I couldn’t let the series finale of HBO’s Insecure air without sharing my two cents on what has been an impactful experience for me. If you followed this blog for a while, you know the show’s character Molly Carter (played by Yvonne Orji) was my girl. She embodied my journey as a successful professional Black woman from a two-parent household who struggled romantically and internalized her status as an unmarried woman. While this wasn’t a new storyline, it was wrapped in a sea of representation we haven’t seen in years (if ever). Insecure made a lot of us, from various walks of life, feel understood and appreciated, and this was only possible because one woman, Issa Rae, dared to live unapologetically. Today, she will be celebrated.

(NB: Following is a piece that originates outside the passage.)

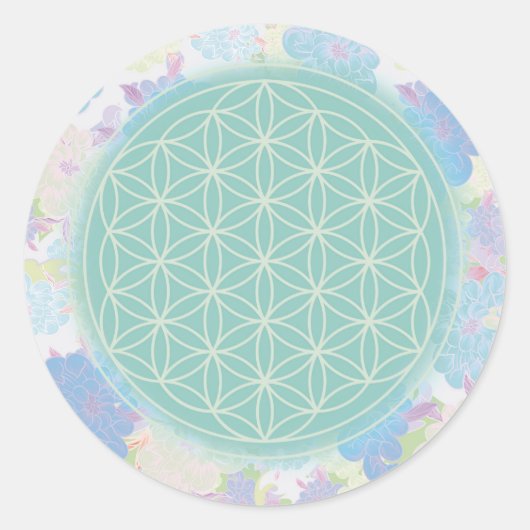 bloem van het groene leven, ronde sticker (Voorkant)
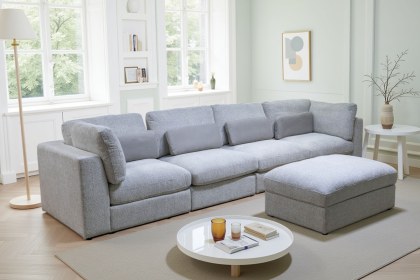 Madison 5 Seater Modular Corner Sofa in Light Grey Chenille with Storage Footstool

Here are 3 reasons we salute Issa Rae:
#1: For using what she had
When starting out, especially in business, it can be intimidating to think about everything you don’t have from a professional camera to a website. However, in the beginning, Issa started with what she did have. She found people around her and used YouTube as a free platform to showcase her own web series The Misadventures of Awkward Black Girl. I’ve heard Issa reference a quote in an interview where she said, “We have a tendency to try to network up, when we need to network across.” When we’re starting out, we don’t need Oprah, Tyler Perry, or Ava DuVernay to approve our work, and we don’t need to have the perfect website, flawless IG page, or top quality video. We need to use what we have, meaning the tools and people around us, to consistently present authentic, quality content.
Thank you, Issa, for reminding us we can only build an empire one brick at a time. It doesn’t have to be perfect in the beginning, but it does have to get started. We can give ourselves grace to grow overtime.
#2: For staying grounded in who she is
Within our community, there’s always been conversation about “what makes you Black.” If you spoke too properly, watched anime, listened to white music or had too much privilege you would easily be outcasted. What I appreciate about Issa as a person and character, is that she owns her individuality. She reminds us that Black people aren’t a monolith. Issa owned her awkwardness and Blackness, put them on display and didn’t lose sight of her roots as her success grew.
I recently saw an IG post where Issa stated she was happy she gained success in her early thirties because by that time she knew who she was and understood that who she presented was not all that she is. What isn’t seen on the other side of success and business is the need to be fully clear in who you are as a person. Without this, one can easily find their identity and value in ratings, accomplishments, likes, and other outside sources, all of which are fickle. Identity and self-worth can only come from within, and it takes groundedness to remain true to this as your popularity and influence grow.
#3: For putting other people on
Insecure presented Black people with a diverse range of talents, backgrounds, shades, sizes, and more. On the screen and in real life, Issa gave voice to those who felt outcast and opportunity to those who would likely be overlooked. In the special HBO documentary called Insecure: The End, we get a glimpse of how many people, from set drivers to actors, gained a shot because Issa and her team prioritized opening doors for other Black people.
Too often we are fed the idea that only select people can be successful. On the contrary, greatness exists in everyone and is often waiting to be pulled out. If nothing else, Issa and her Insecure journey prove we are all created with unique traits, talents, and abilities that, when fully understood and used properly, can be tapped into to make the world around you better. That is true success.
Thank you, Issa, for keeping it real, for being focused in your messaging, for walking in who you were created to be, and for truly rooting for everybody Black.